Chan Sung Jung, The Korean Zombie
Perhaps the greatest, weirdest exemplar of the featherweight charge. It’s like he was designed in some freaky MMA Lab (no, not that one) to scoop up popularity, from the base level upwards, regardless of contradictions incurred on the way. His first fight with Leonard Garcia was a ridiculous silly slobberknocker guaranteed to thrill the lizard brain as the two men blasted each other over and over. Following that, he got shockingly punted in the head by George Roop (THE George Roop) which diluted the unbelievable fan fervour he’d earned.
KZ was not done. He made an impassioned blog post telling his fans that he was putting the "zombie" fighting style to rest. He hit the road, training with Alpha Male in Sacto, MMA Lab in Arizona. He wanted more elements of MMA fandom. He had garnered Asian hipsters, just bleed fanatics, underdog-rooters. People who thought his name was cool. To start his comeback run, he went for grapple-junkies with a Twister submission of Garcia. Followed up with a 7 second counterpunch knockout of Mark Hominick for you strikers out there, and a go-everywhere Fight of the Year against Dustin Poirier. Outside the cage, he called out GSP for wearing a Rising Sun Gi in a respectful way which fighters 10, 20 years older could learn from.
He gets his chance against Jose Aldo on August 3rd. He is an underdog, and deserves to be. Uncontrolled and unorthodox where Aldo is focused and brutal. The arena where he poses the greatest threat is most likely on the ground, and Aldo has shown steely takedown defence, that he springs back to his feet, and is no mat slouch to boot– putting Uriah Faber in a crucifix is not an easy task. In addition Jung’s takedowns tend to be opportunistic rather than explosive. He is coming off a 15 month layoff.
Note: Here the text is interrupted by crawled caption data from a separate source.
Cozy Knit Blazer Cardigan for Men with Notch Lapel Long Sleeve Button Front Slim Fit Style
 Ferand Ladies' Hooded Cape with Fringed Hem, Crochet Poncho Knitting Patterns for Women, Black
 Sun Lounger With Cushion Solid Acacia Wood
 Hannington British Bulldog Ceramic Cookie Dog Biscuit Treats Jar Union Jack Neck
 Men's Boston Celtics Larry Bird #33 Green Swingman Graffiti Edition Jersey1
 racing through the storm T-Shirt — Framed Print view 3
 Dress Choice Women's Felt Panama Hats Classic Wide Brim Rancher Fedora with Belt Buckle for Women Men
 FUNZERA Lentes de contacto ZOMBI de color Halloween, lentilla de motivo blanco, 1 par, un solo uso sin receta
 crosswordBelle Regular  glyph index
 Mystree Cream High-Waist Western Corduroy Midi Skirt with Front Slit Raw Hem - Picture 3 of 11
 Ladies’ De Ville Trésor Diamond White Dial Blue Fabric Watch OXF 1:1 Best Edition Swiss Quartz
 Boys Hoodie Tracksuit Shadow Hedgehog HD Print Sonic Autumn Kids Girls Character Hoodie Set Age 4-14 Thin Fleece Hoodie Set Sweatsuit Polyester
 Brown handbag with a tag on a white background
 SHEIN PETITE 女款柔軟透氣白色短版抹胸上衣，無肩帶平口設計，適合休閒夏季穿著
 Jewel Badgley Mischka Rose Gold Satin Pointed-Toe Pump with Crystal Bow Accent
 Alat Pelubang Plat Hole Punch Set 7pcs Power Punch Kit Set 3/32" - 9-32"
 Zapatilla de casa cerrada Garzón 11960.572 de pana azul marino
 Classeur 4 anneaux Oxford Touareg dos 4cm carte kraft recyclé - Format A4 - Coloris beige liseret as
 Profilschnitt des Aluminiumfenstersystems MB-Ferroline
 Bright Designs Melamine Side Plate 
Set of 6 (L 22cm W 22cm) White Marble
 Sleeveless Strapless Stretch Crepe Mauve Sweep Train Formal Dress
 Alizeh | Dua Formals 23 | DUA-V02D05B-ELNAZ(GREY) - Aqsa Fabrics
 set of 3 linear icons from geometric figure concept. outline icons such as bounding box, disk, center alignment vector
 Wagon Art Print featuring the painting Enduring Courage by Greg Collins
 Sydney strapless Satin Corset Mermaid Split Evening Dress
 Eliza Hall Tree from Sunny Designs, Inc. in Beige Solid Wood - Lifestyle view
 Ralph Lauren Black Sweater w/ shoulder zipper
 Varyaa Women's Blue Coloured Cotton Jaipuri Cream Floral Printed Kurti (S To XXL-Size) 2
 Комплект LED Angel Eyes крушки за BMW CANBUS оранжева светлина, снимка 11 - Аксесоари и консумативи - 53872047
"I can talk with confidence, but a fight is a fight. It’s possible that I lose disgracefully by a one-punch knockout. I do think that this sport can be so harsh, but that is the life of a professional fighter. I am just concentrating to fight my best."
The Zombie is, for now, shambling out into the front line of 145, the division that could. The surge in talent and skill from the featherweights has been almost palpable, no-one embodying this better than Jung. Before us he’s jumped, ceaseless, from brawler to BJJ whiz to complete mixed martial artist. He has surprised you a lot. Featherweight has surprised you a lot.
In conclusion, George Roop. He ties everything together like a big strange rawboned oddity. He’s down at 135 now, looking like Redneck Skeletor and still doing OK, somehow. He never got to fight Pablo Garza for the Freaky Inconsistent Featherweight Giant title, and that makes me sad.